Mazen Khaled said...

Nicely put...

Anonymous said...

sometimes we get stuck in a place. it may be cold, it may be lonely and painful. but we stay. i think you are strong enough to leave that space if you wanted to. but you choose to stay because you do not want to let go of whatever ended you up in that place. a love lost, a beautiful memory, a time of your life. It is so hard to let go of something you have found happiness in.

Ours is a constant quest for happiness. everything we do we do to try to hold on to a few moments happiness. and forgive me if i'm still a little bit simple and still think that happiness is to be found on earth.

in the middle of yoga practice when i find i am starting to lose my focus, or sometimes during my working day when i feel that my spirit is sinking low, i try to think back on my 42 years and try to remember times when i was happy, in order to lift myself up again. i am stunned to find that most of my 'happy moments' are from one episode in my life. is it because we forget, or is it because iam fixated.

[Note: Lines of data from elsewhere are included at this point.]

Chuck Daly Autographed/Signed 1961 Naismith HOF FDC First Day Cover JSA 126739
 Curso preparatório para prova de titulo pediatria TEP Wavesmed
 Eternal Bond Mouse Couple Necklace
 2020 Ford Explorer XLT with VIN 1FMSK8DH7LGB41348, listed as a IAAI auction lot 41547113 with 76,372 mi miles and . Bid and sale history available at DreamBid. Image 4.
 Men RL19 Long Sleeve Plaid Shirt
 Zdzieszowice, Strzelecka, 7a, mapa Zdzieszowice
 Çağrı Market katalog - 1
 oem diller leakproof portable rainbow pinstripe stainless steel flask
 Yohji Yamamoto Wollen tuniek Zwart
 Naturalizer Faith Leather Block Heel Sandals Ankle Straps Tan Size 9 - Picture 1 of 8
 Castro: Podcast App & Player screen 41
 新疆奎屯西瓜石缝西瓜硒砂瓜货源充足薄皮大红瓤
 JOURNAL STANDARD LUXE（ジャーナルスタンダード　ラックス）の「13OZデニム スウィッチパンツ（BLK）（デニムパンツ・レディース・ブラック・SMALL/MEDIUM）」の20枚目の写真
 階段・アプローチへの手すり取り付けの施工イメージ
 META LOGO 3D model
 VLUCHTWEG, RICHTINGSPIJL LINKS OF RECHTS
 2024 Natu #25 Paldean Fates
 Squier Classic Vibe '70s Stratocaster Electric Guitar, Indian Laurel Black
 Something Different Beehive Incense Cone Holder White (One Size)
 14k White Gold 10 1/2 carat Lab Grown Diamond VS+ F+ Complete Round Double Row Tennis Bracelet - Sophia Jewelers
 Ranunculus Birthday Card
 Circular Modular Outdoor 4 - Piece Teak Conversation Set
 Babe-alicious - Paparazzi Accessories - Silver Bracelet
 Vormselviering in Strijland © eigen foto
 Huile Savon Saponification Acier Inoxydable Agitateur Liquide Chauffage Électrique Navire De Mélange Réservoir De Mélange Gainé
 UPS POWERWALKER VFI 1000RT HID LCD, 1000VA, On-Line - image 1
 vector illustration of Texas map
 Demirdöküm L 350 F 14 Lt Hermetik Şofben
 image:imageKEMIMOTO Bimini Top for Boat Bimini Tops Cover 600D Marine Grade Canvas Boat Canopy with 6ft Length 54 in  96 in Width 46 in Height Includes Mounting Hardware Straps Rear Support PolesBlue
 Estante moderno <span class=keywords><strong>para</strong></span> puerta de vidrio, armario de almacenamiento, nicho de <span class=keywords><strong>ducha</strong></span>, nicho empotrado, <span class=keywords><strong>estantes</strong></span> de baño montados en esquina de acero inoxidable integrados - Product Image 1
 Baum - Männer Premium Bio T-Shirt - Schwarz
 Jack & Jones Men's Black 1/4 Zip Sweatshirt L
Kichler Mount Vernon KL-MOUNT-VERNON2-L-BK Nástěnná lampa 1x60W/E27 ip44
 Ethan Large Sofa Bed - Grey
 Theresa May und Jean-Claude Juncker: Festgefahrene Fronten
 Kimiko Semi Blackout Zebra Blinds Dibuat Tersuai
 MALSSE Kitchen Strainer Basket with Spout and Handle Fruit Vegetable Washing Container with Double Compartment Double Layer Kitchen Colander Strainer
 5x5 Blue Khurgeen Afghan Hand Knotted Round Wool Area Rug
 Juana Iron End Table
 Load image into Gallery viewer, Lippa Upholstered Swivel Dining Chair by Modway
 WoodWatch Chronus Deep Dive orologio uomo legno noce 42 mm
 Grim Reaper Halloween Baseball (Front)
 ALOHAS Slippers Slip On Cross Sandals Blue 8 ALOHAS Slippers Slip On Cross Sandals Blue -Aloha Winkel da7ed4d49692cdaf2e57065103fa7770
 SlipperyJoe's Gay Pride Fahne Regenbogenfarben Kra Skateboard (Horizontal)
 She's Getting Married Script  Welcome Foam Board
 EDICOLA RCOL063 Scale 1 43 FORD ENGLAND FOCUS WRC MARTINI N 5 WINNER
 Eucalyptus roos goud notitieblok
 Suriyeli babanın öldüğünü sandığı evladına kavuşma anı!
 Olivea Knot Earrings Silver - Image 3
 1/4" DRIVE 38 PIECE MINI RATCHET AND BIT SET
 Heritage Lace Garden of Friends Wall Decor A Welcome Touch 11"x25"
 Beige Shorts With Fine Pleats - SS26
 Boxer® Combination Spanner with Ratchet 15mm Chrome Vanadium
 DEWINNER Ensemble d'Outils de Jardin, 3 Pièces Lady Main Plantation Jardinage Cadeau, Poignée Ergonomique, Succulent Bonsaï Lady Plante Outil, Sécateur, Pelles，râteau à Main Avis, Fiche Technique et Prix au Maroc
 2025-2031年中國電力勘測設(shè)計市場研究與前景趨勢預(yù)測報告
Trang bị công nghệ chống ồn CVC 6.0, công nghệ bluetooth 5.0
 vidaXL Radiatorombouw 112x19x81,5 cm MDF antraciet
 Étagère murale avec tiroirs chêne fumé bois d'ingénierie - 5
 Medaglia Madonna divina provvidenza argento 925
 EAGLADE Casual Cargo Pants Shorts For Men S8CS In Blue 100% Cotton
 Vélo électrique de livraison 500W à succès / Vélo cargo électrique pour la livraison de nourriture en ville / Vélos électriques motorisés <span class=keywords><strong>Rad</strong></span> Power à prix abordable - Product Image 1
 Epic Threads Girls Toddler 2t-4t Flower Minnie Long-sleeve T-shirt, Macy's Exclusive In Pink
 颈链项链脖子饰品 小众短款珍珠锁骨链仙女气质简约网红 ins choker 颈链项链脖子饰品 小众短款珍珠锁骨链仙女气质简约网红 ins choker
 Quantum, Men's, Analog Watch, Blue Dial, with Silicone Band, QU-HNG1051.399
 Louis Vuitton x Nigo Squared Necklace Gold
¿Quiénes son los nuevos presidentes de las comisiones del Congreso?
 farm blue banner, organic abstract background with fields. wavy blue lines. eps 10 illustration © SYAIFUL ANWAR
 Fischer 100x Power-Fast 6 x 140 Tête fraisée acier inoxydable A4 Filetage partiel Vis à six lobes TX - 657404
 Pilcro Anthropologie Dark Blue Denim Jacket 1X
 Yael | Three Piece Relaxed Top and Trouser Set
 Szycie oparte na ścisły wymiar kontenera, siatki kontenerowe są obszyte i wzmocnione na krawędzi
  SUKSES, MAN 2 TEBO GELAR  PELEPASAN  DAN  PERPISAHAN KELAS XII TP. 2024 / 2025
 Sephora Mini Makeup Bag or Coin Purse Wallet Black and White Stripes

that is what fixation is. or that is its effect. you find yourself unable to move from that one idea. you can, but you wont. you are happy in your idea. you move from it and then you may lose it. and how hard is it to get another idea to fixate on, to obsess over. one that intrigues you and captures your imagination, heart, and soul? How delicious and fulfilling to be immersed in your own thoughts and feelings. to live within yourself and only see hear think and feel what's inside of you, your thoughts.

Loneliness, is that middle place in between thoughts or fixations. It is cold there.